I'm so glad of your response to my criticism, Pav! Thanks!

Penthe said...

I love the cover. I was dancing with excitement when I realised this was coming out, and once I started I didn't speak to anyone until I'd finished reading it.

I have history gushing about how marvellous Michelle de Kretser is, so I'll leave it there. Thank you ampersand duck for making the book look so absolutely right.

Maria said...

Dear Ampersand Duck,

What an ab fab cover! And you've made it seem so much fun. You've made me want to go cover a book. Once I wanted to write books, now I want to cover them. though I'll probably end up using Christmas gift-wrapping paper. I'll never end up with something so creative and inspiring.
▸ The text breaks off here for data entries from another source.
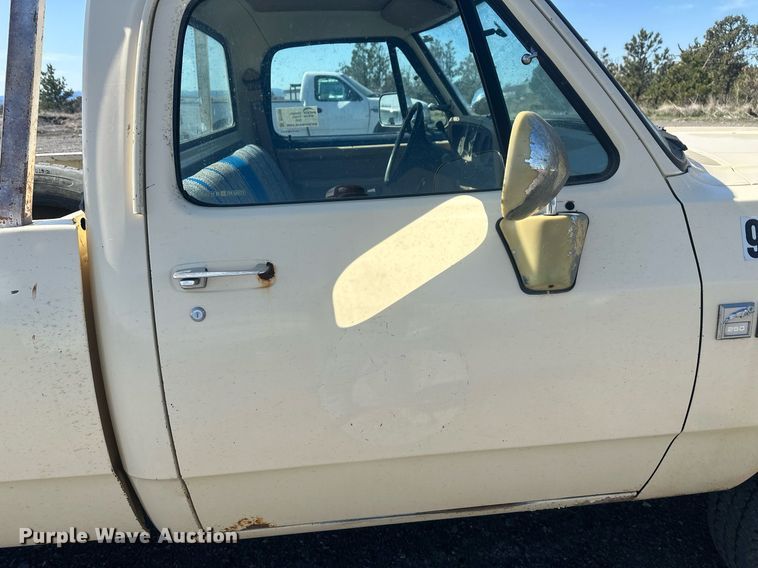 image for item DT7169 1988 Dodge Ram 250 pickup truck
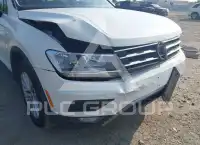 2018 Volkswagen Tiguan фото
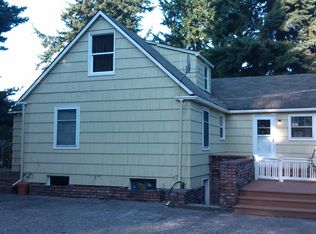 1627 SW 168th St, Seattle, WA 98166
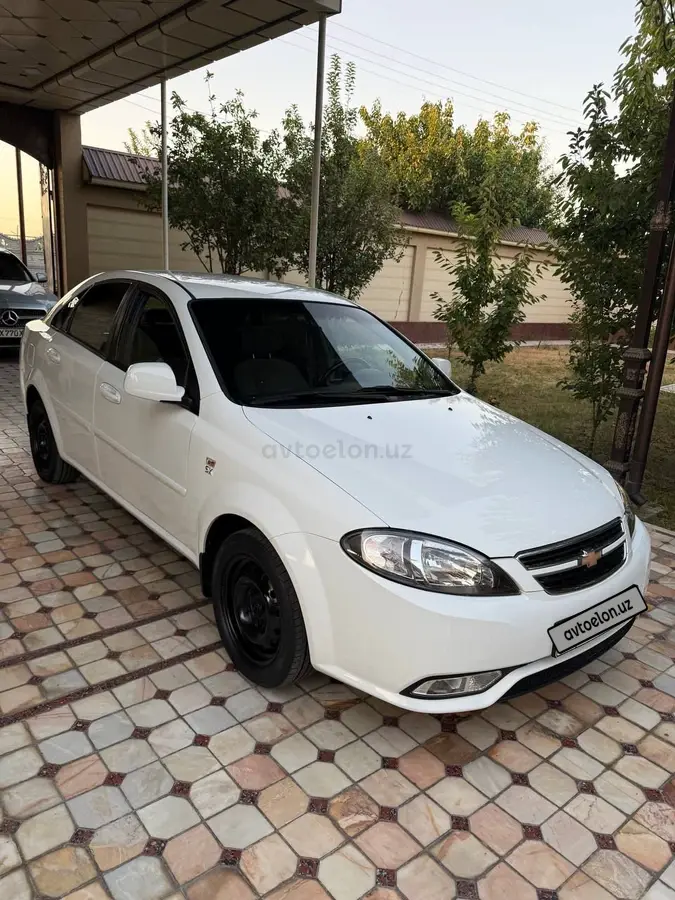 Chevrolet Gentra,  2 позиция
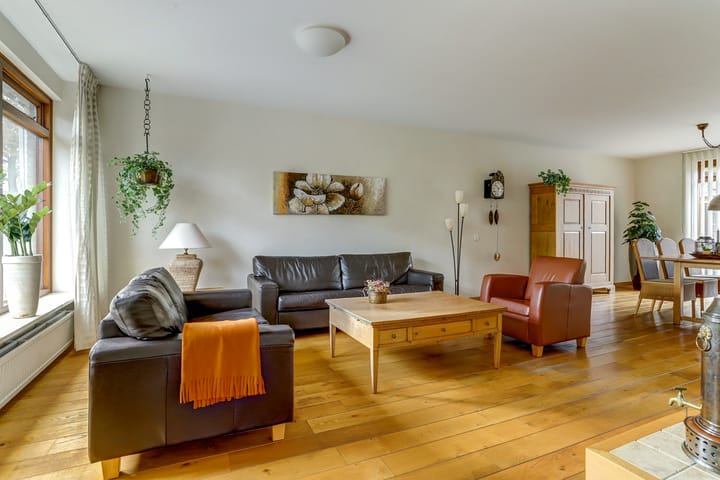 Photo 4 of Pieter de Hooghstraat 4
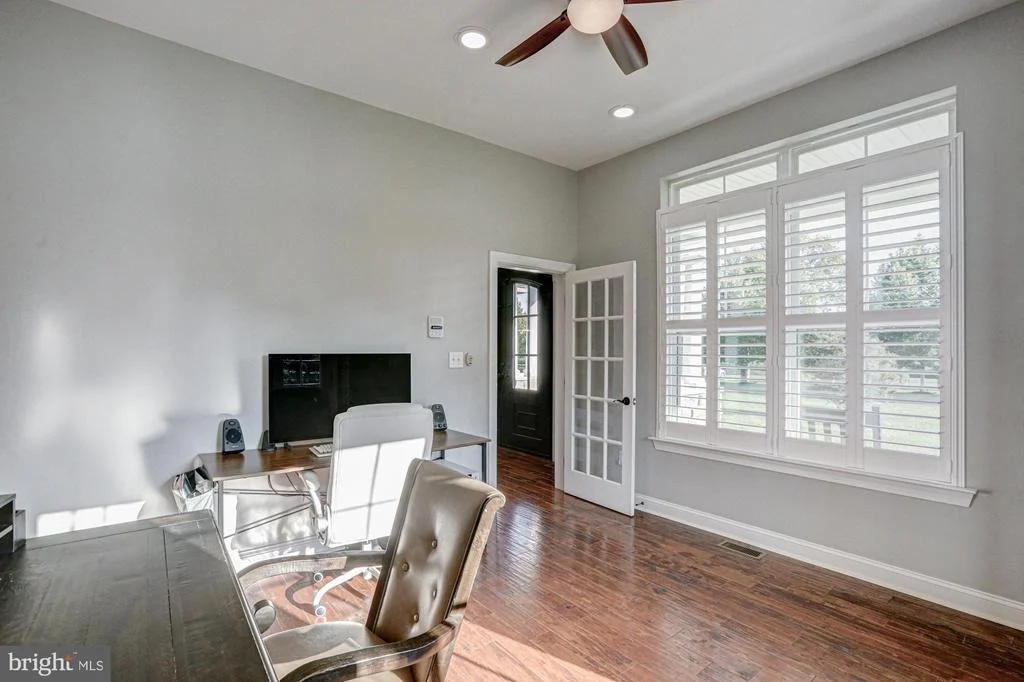 Photo of 1233 BUNKER HILL ROAD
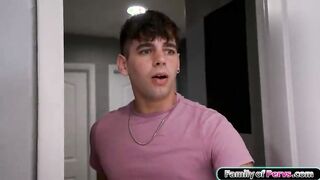 Curious Stepmom Sienna Rae in Lingerie: A Steamy Encounter Awaits!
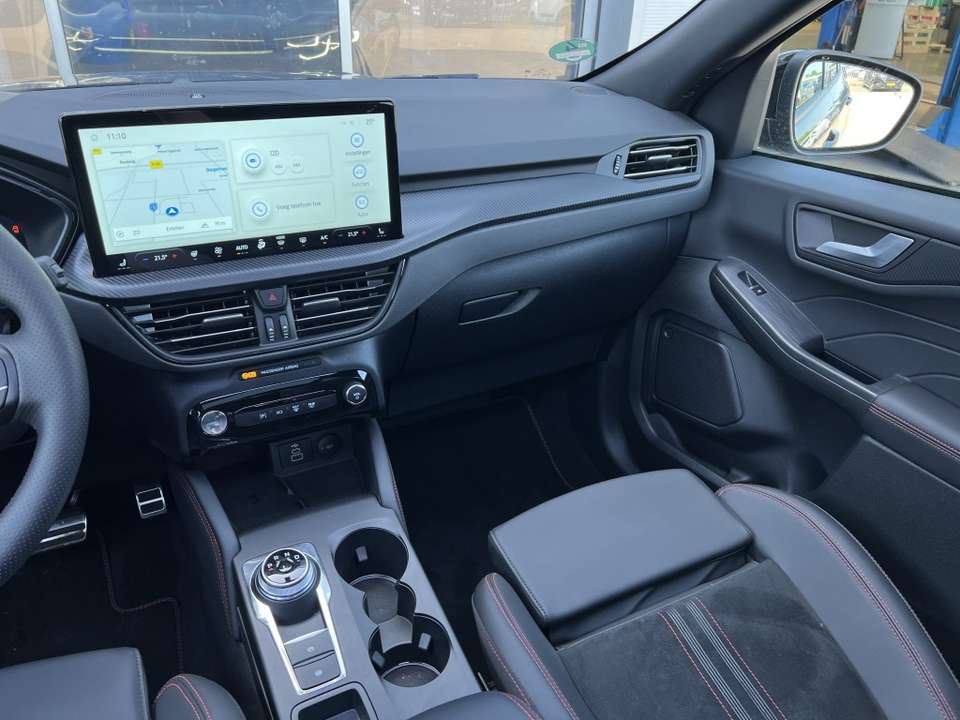 Ford Kuga - Imagem 12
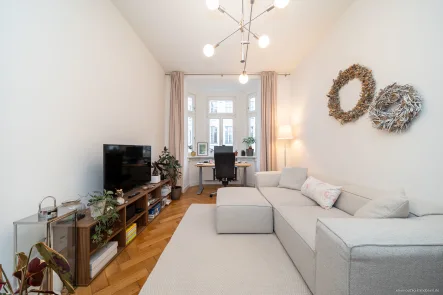 Wohnzimmer - Wohnung kaufen in München - Schwanthalerhöhe - Ihr neues Zuhause - 2-Zimmer-Altbaujuwel in Bestzustand in einzigartiger Lage!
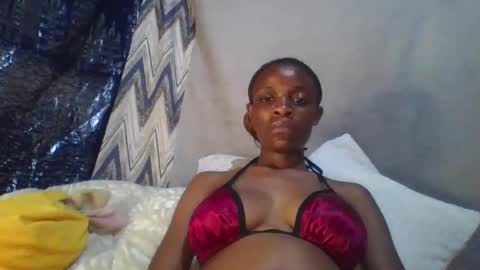 miss_belllo online show from February 26, 12:25 pm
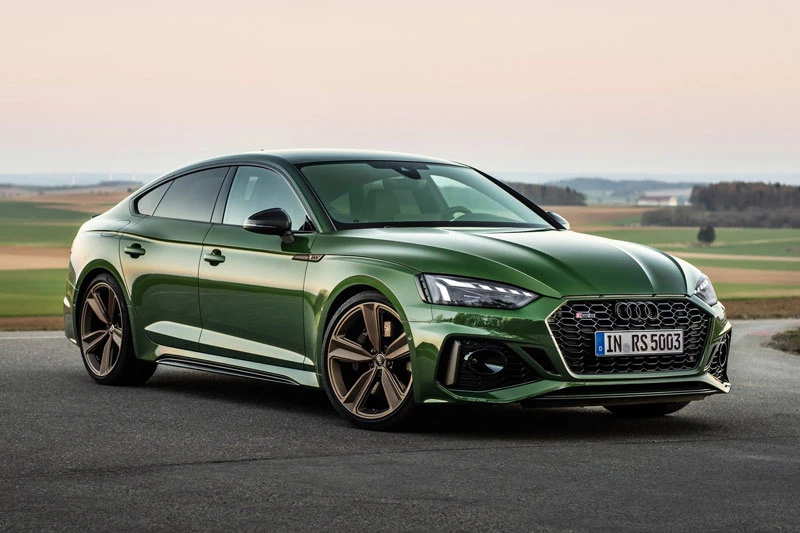 8. Audi RS5 Sportback 2021 (giá khởi điểm: 75.400 USD).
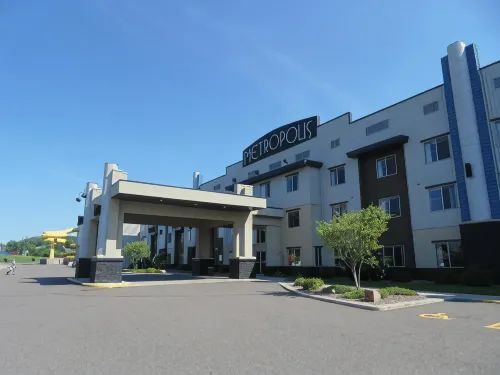 Metropolis Resort - Eau Claire - parking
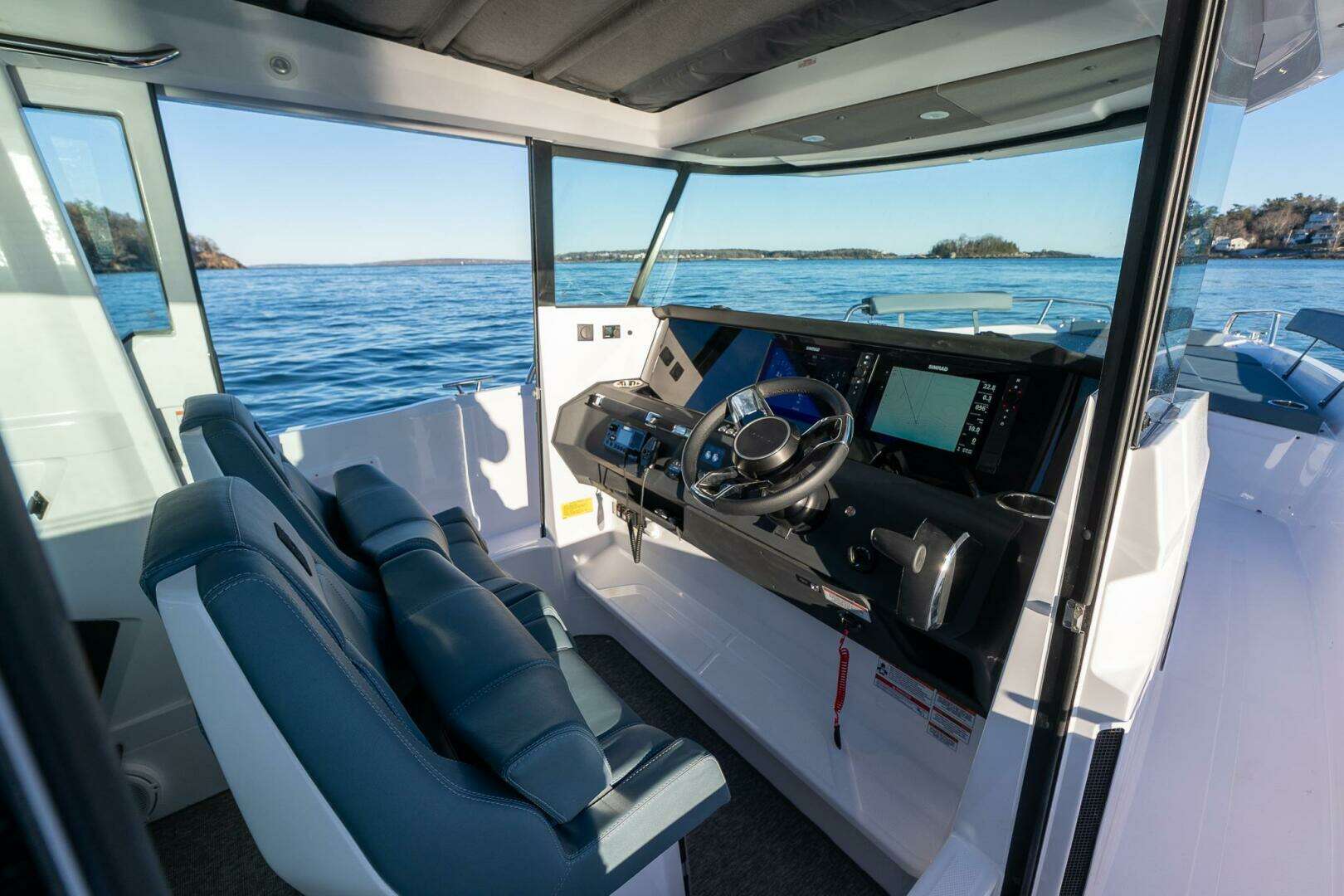2026 Axopar Cross Cabin - Image 19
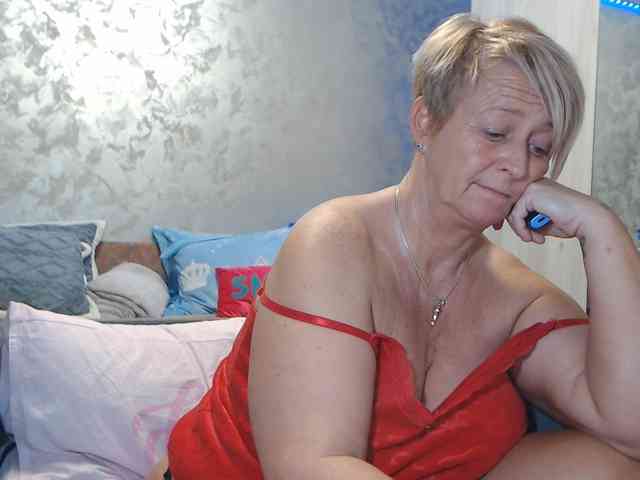 LovePinkLilli webcam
I know what you mean about reviews; often I read reviews and I get quite cross about what I'm sure are childish and unfair comments. I know I can't expect everyone to love the books I do, but if they would be constructively, insightfully or rationally critical it wouldn't bother me so much. Chin up, though! You've obviously shown them you're head and shoulders above the lot. I look forward to your next book cover offering, and hope there shall be some more ... soon!

Jonathan Shaw said...

Thanks for this post. I agree it's a splendid book. The cover is even more beautiful after the book has been read, and the end papers are wondrous. I'd just uploaded an entry on my own blog mentioning this cover when I saw it mentioned in today's Spectrum, so added a link to here.